How to access tuple elements in a nested list

Question

I have a list with nested lists, which contain tuples. The list looks like this:

428 [(' whether', None), (' mated', None), (' rooster', None), ('', None)]
429 [(' produced', None), (' without', None), (' rooster', None), (' infertile', None), ('', None)]

I would like to be able access the "None" elements of the tuple, per index value. I would like to create a new list with the same index values that would look like:

428 [(None, None, None, None)]
429 [(None, None, None, None, None)]

I don't really care what type the "None" is in. I just want them as a separate list.

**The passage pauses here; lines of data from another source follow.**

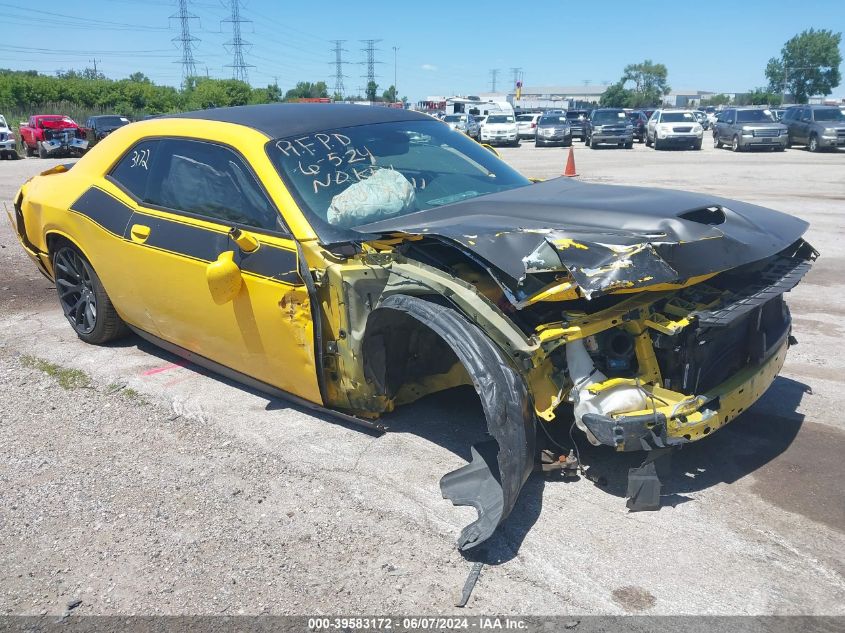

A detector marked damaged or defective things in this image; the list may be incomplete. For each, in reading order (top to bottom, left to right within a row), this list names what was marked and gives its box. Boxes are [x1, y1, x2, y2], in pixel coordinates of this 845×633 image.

torn fender liner [368, 296, 536, 548]
damaged front end of car [306, 177, 816, 548]
torn fender liner [358, 175, 812, 298]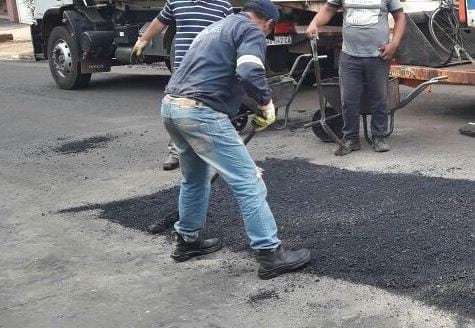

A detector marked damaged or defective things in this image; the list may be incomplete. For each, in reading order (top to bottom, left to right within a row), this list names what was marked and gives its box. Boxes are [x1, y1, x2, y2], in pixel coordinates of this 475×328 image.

fresh asphalt patch [59, 159, 475, 318]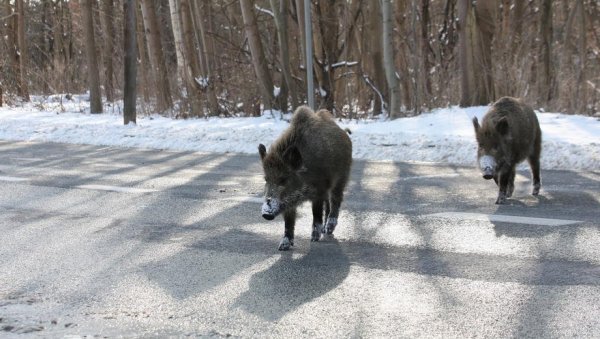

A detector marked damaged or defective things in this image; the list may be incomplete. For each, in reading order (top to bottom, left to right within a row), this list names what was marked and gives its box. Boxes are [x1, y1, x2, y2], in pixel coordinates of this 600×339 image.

I've tried list comprehensions, but I only can retrieve the tuples themselves, not the elements inside.

Any help would be appreciated.

Answer 1

Simplest for just a single list containing tuples would be:

[x[1] for x in myList]
# [None, None, None, None]

Or if it's always the last value in the tuple (if it contains more than two values):

[x[-1] for x in myList]
# [None, None, None, None]

Note that these examples below are using nested lists. It's a list of lists that contain tuples. I figured that's what you were looking for since you were showing two variations of the lists.

Use a nested comprehension list:

myList =[ [(' whether', None), (' mated', None), (' rooster', None), ('', None)] ,
          [(' produced', None), (' without', None), (' rooster', None), (' infertile', None), ('', None)] ]


print [[x[1] for x in el] for el in myList]
# [[None, None, None, None], [None, None, None, None, None]]

Or some other variations:

myList =[ [(None, None), (' mated', None), (' rooster', None), ('', None)] ,
              [(' produced', None), (' without', None), (' rooster', None), (' infertile', None), ('', None)] ]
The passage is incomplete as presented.